The question now is whether the focus on religious exemptions derails the bill or whether it allows the bill to overcome religious objections. Gov. Andrew Cuomo strongly supports same-sex marriage, and he reportedly is just shy of the votes he needs in Albany.
Much of the debate over exemptions has centered around private individuals, like bakers or photographers, and businesses like banquet halls. In other states, businesses or individuals refusing to work at same-sex weddings were sued or lost tax-exempt status, opponents of gay marriage say.
Jennifer Pizer, a law professor at the University of California, Los Angeles and an expert on sexual orientation and discrimination, says that’s par for the course in America: You can’t let religious beliefs affect commercial decisions.
“People are free to hold these views — they’re not just free to hold those views, they’re protected.” But, she said, “the current legal system does not permit people engaged in business to discriminate based on the proprietors’ own religious views.”
Pizer said the New York debate over exemptions hearkens back to a time when religious views were used to justify racial segregation and opposition to equal-pay-for-equal-work legislation.
On the other side, Marc Stern, the associate general counsel for legal advocacy at the American Jewish Committee, which has not taken an official stance on the same-sex marriage bill, said the fight for equality does not trump the right to free exercise of religion.
While some religious groups, including the Orthodox Union, Agudath Israel of America, the Catholic League and others have lobbied against New York’s same-sex marriage bill, Stern says their time would have been better spent pushing for more robust religious protections across the board.
“I think they’ve made a major tactical blunder.
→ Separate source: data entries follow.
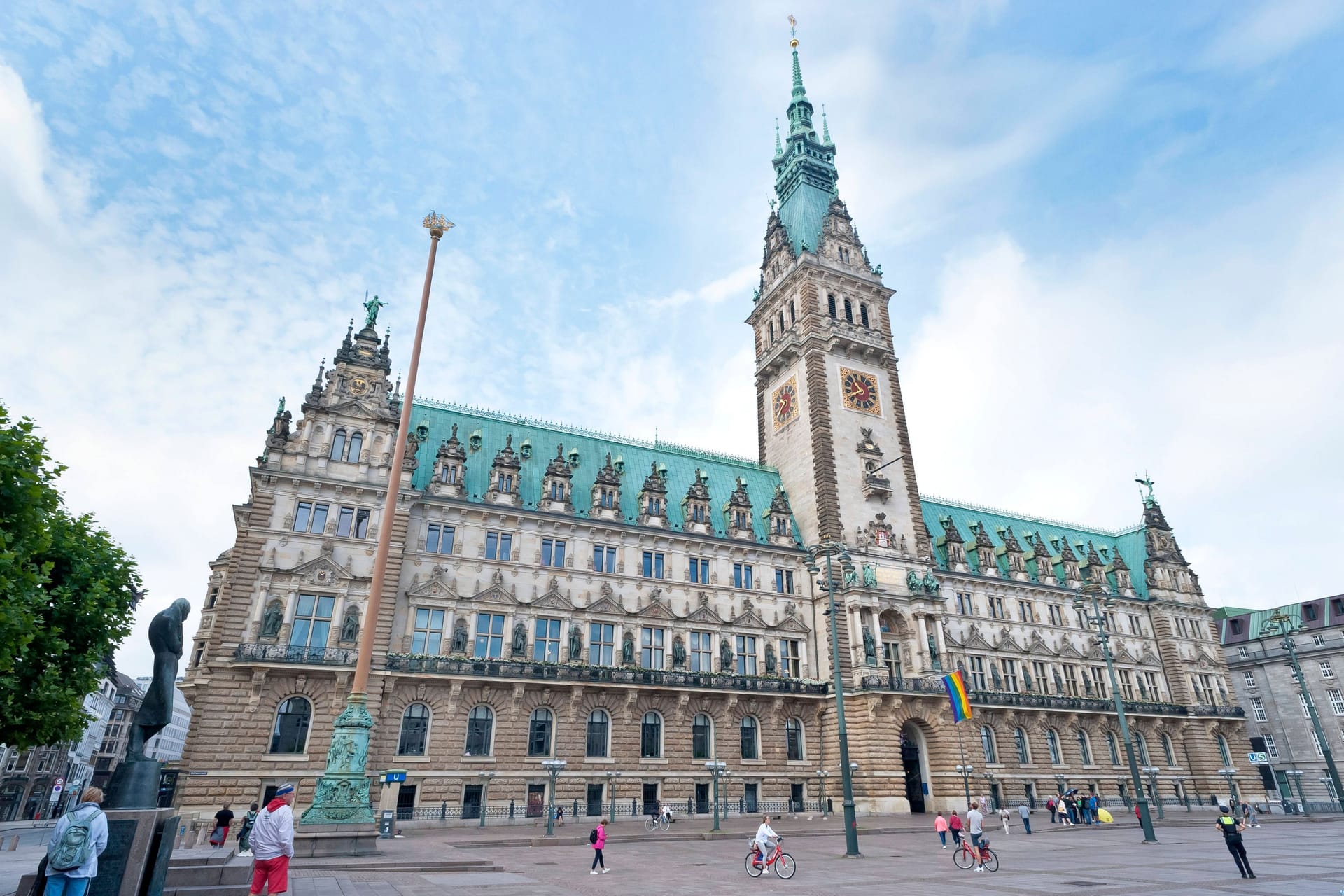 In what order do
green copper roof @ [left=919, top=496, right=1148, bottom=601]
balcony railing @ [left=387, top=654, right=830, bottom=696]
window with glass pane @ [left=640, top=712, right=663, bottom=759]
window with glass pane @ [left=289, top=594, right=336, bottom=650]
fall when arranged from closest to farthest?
1. window with glass pane @ [left=289, top=594, right=336, bottom=650]
2. balcony railing @ [left=387, top=654, right=830, bottom=696]
3. window with glass pane @ [left=640, top=712, right=663, bottom=759]
4. green copper roof @ [left=919, top=496, right=1148, bottom=601]

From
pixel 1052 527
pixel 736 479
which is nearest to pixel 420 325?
pixel 736 479

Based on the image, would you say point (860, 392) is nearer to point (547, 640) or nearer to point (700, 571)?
point (700, 571)

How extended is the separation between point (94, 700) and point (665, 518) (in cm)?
11464

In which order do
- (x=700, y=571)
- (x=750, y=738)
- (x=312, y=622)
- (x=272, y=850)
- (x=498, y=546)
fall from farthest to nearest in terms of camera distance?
1. (x=700, y=571)
2. (x=750, y=738)
3. (x=498, y=546)
4. (x=312, y=622)
5. (x=272, y=850)

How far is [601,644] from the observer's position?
46594mm

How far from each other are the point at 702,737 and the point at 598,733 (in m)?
7.15

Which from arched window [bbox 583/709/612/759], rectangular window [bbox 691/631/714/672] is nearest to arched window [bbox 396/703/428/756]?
arched window [bbox 583/709/612/759]

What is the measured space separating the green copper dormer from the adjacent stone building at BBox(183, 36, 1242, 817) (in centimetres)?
54

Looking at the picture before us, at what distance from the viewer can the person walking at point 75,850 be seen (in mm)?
9805

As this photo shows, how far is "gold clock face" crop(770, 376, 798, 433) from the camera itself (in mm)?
63469

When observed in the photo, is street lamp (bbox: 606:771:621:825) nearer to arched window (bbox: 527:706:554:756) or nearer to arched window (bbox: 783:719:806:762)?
arched window (bbox: 527:706:554:756)

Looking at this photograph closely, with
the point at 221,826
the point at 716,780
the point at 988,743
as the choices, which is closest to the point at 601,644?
the point at 716,780

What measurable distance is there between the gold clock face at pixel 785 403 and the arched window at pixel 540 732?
31.7 meters

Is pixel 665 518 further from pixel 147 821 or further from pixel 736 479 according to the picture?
pixel 147 821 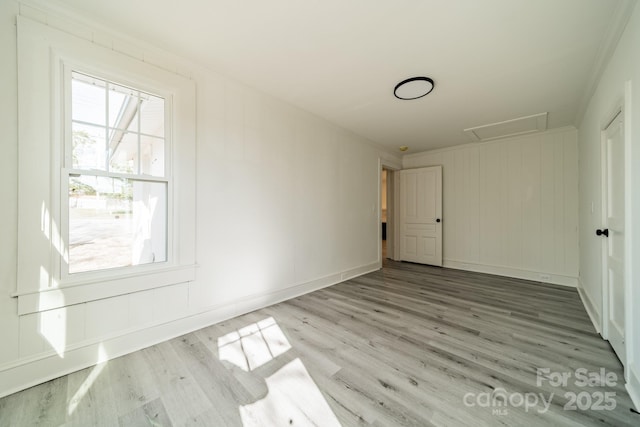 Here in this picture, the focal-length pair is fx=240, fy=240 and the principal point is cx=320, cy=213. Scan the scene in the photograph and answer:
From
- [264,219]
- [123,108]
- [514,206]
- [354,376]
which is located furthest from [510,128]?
[123,108]

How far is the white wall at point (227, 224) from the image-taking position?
1.58 metres

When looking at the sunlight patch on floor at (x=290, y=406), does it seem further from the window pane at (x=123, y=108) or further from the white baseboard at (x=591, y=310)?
the white baseboard at (x=591, y=310)

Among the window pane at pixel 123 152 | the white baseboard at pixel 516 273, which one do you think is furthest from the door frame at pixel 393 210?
the window pane at pixel 123 152

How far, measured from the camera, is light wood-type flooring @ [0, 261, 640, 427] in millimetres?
1370

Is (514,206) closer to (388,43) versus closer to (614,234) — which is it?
(614,234)

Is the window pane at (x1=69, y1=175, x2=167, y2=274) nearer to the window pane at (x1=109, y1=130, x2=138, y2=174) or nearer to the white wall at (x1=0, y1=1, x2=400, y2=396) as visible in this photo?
the window pane at (x1=109, y1=130, x2=138, y2=174)

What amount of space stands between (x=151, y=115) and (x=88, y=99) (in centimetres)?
42

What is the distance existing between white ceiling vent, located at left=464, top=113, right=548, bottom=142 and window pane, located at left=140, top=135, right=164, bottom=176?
14.6 ft

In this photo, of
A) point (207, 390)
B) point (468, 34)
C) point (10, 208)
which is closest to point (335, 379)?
point (207, 390)

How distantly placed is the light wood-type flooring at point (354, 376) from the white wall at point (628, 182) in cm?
33

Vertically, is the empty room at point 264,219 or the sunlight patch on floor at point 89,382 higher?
the empty room at point 264,219

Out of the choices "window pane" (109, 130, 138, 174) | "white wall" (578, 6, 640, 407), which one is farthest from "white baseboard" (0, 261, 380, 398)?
"white wall" (578, 6, 640, 407)

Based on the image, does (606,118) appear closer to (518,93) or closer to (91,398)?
(518,93)

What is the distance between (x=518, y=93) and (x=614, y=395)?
2963mm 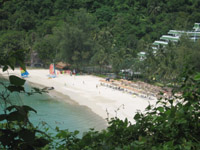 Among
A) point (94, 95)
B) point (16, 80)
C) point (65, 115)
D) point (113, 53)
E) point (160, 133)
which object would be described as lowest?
point (65, 115)

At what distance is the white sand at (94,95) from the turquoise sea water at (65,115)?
1.05m

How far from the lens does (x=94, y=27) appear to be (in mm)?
44094

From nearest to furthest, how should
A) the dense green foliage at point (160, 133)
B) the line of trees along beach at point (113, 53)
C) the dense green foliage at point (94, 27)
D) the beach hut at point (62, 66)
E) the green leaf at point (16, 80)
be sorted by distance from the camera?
the green leaf at point (16, 80) → the line of trees along beach at point (113, 53) → the dense green foliage at point (160, 133) → the dense green foliage at point (94, 27) → the beach hut at point (62, 66)

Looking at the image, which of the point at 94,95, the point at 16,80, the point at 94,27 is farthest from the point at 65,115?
the point at 94,27

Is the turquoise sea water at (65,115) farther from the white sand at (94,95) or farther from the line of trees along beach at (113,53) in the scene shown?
the line of trees along beach at (113,53)

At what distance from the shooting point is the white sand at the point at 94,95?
2366 centimetres

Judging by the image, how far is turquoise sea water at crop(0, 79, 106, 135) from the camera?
19.6 m

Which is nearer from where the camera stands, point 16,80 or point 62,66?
point 16,80

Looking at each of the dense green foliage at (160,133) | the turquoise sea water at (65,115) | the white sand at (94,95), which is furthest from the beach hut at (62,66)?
the dense green foliage at (160,133)

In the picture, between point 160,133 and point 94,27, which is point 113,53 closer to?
point 94,27

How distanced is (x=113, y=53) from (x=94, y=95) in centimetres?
1132

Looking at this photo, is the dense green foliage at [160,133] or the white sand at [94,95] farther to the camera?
the white sand at [94,95]

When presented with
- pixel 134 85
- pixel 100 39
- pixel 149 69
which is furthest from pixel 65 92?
pixel 100 39

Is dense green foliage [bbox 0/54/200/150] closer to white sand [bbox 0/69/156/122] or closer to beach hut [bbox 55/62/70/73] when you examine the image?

The handwriting was on the wall on gay rights,” he said, suggesting that the legalization of same-sex marriage is inevitable. “The thing to do is to give up that fight and fight for a broad religious exemption.”
Strictly religious Jews, however, feel they have an obligation to fight back against a bill that would “promote the notion that all intimate relationships are equally acceptable,” said Avi Shafran, director of public affairs at the haredi Orthodox Agudath Israel of America.
“The Jewish religious tradition is emphatic and unambiguous about the wrongness of same-sex relationships,” Shafran said. “Religious organizations cannot impose their will on society, but neither can they – at least Orthodox Jewish ones – shirk their duty to proclaim what is proper and what is not.”
Jay Michaelson, founder of a gay Jewish spiritual group called Nehirim and author of “God vs. Gay? The Religious Case for Equality,” says the Jewish imperative is to fight the demands of religious lobbyists, not to fight gay marriage.
“As American Jews, I don’t think we want to have the churches calling the shots on what our civil policy should be,” Michaelson said. “Protecting one minority protects all.”
Some Jewish organizations cite civil rights as the basis for their support of the marriage legislation.
“The Reform movement certainly believes that all people were created in the image of God,” said Honey Heller, a co-chairwoman of the Reform Jewish Voice of New York State, part of the Reform movement’s social justice arm. “That’s why I get a little concerned about religious exemptions.”
Michaelson criticized the silence of large Jewish organizations on the issue, saying they shouldn’t leave Jewish gay groups to battle it out alone with Orthodox groups like Agudath Israel.
“It would be more effective to have non-LGBT allies say we support religious freedom, we support separation of church and state,” he said.
With the debate in Albany focused not on the morality of gay marriage but on the practicalities of a bill, ideological opponents of same-sex marriage say guaranteeing religious exemptions is better than nothing.
“We would prefer that it not pass,” said Howie Beigelman, deputy director of public policy for the Orthodox Union. “But if it has the exemptions in it that are robust and that do protect everyone, I wouldn’t call it a win, but I would call it the best we could have gotten.”